Is unemployment now approaching 15%?

The 8.1% unemployment rate is deceptive. That is the U-3.

If one wishes to compare unemployment now to unemployment in the 1930s, the closest analagous data is the U-6. The U-6 includes the unemployed, the discouraged workers and the under-employed workers (those who want full -time but can only get part-time due to economic reasons.)

In the 1930s, data was not kept as it is now. The estimates of unemployment during the 1930s came from applications for relief (both to public agencies and private organizations) and later included the applications to work for the WPA and CCC. There were no distinctions made between 'unemployed', 'discouraged' or 'under-employed.' Anyone who did not have enough full-time work no matter for how long, no matter whether they had applied for a job or not within 4 weeks and no matter if they picked up a few hours of work here or there was considered 'unemployed.'

The U-6 is now 14.8. That means out of every 20 workers approximately 3 are unemployed or have given up or have had their hours cut. And the number is growing and growing and growing......

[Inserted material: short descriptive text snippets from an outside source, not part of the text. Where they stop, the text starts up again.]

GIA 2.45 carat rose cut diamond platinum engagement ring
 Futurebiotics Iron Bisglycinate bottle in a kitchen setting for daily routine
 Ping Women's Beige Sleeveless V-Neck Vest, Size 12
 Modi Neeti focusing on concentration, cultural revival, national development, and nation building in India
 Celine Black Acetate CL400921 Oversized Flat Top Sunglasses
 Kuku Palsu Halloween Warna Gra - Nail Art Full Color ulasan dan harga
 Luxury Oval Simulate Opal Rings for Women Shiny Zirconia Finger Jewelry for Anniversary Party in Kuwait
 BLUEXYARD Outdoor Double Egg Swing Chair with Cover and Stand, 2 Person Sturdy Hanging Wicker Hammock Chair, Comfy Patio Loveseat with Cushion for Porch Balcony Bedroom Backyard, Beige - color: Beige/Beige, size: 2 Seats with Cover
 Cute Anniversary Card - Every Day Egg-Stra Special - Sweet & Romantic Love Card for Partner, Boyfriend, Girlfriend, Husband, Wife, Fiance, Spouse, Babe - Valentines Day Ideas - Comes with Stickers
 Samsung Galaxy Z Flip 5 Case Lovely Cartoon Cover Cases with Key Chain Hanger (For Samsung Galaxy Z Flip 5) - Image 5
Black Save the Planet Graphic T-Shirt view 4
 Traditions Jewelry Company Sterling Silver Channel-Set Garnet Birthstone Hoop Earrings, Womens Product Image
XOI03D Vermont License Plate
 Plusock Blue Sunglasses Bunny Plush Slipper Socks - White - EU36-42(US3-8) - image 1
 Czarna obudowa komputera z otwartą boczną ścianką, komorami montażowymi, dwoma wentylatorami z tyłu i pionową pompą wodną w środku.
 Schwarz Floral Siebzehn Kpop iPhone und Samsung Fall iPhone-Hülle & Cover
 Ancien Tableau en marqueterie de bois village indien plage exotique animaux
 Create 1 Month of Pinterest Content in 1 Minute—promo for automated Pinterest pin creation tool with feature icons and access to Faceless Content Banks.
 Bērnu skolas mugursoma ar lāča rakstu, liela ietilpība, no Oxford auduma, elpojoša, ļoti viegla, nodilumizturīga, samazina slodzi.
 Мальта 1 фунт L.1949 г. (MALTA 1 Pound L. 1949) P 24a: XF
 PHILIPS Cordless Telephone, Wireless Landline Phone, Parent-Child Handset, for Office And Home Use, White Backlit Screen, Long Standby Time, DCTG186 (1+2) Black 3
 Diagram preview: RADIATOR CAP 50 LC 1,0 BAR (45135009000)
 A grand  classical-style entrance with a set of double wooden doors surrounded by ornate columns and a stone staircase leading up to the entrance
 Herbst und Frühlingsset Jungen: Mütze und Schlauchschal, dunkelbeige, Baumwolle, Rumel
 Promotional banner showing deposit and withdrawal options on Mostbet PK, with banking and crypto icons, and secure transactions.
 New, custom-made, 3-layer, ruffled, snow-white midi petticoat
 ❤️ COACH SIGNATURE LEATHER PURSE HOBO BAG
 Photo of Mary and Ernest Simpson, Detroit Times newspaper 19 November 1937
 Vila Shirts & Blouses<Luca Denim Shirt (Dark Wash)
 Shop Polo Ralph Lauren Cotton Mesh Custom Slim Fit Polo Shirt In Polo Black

The U-6 does not include all those whose hours have stayed the same but whose wages have been cut; or whose health insurance has been cut; or whose 401ks have been cut.

700 people have applied for 1 janitorial job in Ohio. The photos of job fairs, if viewed in black and white, could have been taken 76 years ago.

Still, the U-6 at 14.8% is the closest to the 1930s data. And by way of comparison it is either 1930 -31 (unemployment 1930 was 8.9% and in 1931 15.9%) or 1936 - 37 (unemployment in 1936 was 16.9 and in 1937 14.3.)